食品は安全性が確保され、安心感が伴うことが必須条件です。人類は地域の風土に育まれたものしか食べてこなかった。現代は多様な食品が地球規模で店頭に並び、遺伝子組み換え食品など、食文化を経ない食品も食卓に上ります。それらの素性が正しく知らされることは、安全・安心を願う消費者の当然の権利です。
いたって単純
その権利を法制度として実現させる運動が「消費者が求める新食品表示制度導入」への取り組みです。
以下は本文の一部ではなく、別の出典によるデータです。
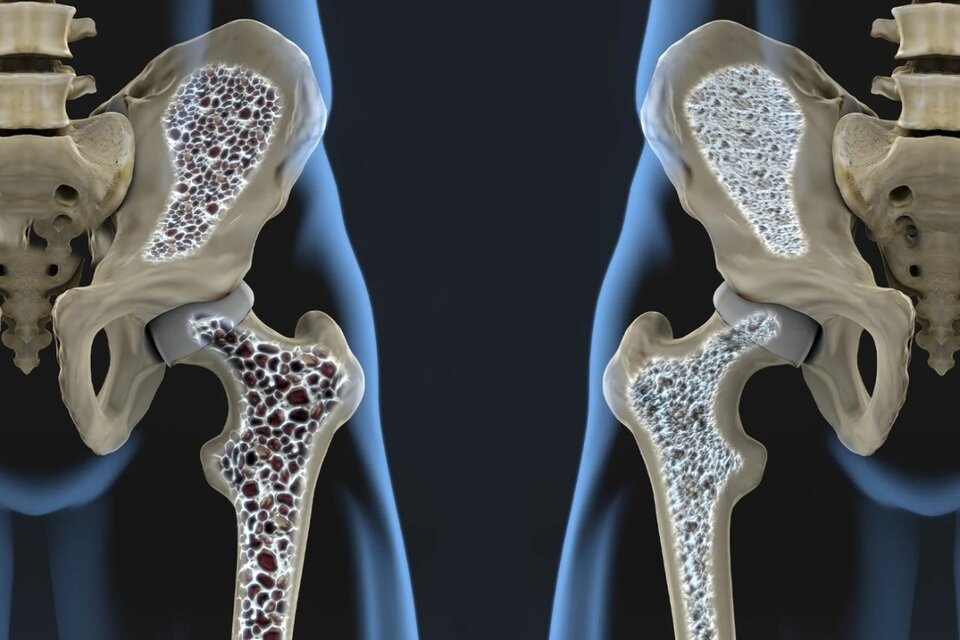 La osteoporosis causa 90 fracturas de cadera por día en Argentina: cómo prevenirla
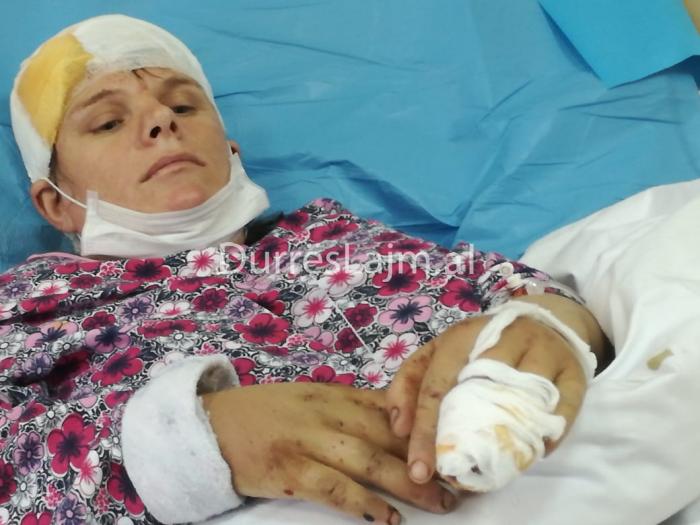 “Më goditi me lopatë, pastaj më mbuloi më gurë”, nëna e 5 vajzave rrëfen dhunën barbare nga burri (PAMJE TË RËNDA)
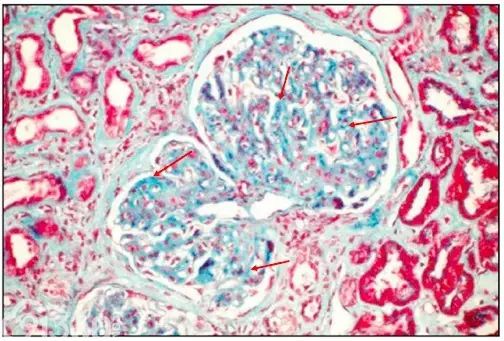 肾内病理图解：有形结构沉积肾小球病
私たちの要求はいたって単純。偽りのない正しい表示を、わかりやすく表記することです。そのために「消費者の権利」を明記した法案制定を求め、すべての加工食品に原料原産地表示を、遺伝子組み換え食品の表示を少なくともEU(欧州連合)並みに、そして食品添加物の一括名・簡略名の廃止、さらに、期限表示、酒類表示なども消費者の目線から全面的に見直すこと、などを要求しています。
法改正を伴う
これら要求の実現はいくつかの法改正を伴います。とても消費者庁が予定する3法(食品衛生法、JAS法、健康増進法の一部)では済みません。私たちは国会への働きかけや、全国の消費者・市民・生産者団体に連携を訴え、実効性ある表示制度をつくろうと呼びかけています。